EXTRACTED RECORDS:
□ □ □ □
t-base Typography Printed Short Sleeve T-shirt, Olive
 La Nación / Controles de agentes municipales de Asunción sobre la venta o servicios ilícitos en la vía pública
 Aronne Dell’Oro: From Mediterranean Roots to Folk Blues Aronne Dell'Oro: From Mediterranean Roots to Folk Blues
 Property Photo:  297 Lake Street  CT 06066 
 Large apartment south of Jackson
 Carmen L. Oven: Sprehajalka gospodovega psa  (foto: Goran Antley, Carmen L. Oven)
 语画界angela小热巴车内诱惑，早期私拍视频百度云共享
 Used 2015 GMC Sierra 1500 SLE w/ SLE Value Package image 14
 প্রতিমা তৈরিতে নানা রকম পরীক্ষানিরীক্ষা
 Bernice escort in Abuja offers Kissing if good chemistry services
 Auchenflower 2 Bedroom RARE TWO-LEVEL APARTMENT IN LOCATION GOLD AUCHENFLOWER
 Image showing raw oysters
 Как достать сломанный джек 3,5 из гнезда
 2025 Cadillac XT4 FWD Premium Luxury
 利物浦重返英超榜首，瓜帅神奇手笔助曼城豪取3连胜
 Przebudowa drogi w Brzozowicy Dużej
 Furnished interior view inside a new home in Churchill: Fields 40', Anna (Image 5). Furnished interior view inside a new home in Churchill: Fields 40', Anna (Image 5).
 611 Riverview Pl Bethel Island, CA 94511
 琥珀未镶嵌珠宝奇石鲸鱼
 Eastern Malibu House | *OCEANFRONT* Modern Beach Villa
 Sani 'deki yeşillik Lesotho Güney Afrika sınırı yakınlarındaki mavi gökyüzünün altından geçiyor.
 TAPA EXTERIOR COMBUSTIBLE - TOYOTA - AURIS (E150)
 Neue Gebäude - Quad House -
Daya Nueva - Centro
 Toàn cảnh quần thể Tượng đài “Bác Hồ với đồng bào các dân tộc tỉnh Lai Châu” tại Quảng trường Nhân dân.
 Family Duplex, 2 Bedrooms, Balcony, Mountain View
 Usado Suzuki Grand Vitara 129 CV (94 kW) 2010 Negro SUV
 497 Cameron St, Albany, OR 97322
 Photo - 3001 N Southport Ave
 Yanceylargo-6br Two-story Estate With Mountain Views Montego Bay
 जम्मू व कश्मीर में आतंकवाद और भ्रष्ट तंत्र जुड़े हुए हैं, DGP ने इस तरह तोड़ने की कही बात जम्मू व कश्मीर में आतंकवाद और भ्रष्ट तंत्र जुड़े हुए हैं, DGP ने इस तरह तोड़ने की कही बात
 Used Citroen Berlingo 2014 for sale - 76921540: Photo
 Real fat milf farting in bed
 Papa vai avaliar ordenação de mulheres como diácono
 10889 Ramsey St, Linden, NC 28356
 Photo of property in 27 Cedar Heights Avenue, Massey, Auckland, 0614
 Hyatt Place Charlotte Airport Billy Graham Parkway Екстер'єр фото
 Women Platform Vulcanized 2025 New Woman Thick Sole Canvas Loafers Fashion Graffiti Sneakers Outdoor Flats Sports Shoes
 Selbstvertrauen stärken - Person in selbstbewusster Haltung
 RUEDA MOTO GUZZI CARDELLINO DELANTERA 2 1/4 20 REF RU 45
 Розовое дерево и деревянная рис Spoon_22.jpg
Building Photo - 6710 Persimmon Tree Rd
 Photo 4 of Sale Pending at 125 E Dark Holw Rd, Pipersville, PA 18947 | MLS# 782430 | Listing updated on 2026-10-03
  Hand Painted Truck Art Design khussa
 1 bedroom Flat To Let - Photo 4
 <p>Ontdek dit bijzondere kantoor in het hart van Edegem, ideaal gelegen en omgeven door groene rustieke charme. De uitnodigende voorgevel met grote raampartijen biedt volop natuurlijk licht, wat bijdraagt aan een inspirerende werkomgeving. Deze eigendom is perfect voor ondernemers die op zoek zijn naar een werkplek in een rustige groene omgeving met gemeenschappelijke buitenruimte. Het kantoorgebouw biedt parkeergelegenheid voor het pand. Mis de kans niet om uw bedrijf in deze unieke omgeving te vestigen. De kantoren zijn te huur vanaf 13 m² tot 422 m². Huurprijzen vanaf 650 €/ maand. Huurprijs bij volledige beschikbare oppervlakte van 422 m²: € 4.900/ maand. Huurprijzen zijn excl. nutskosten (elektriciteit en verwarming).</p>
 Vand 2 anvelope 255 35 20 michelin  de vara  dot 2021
□ □ □ □
TASK DIRECTIONS:
Working from the listing above, pick out every line that has "House" and copy it.

OUTPUT OF THE TASK:
 Eastern Malibu House | *OCEANFRONT* Modern Beach Villa
 Neue Gebäude - Quad House -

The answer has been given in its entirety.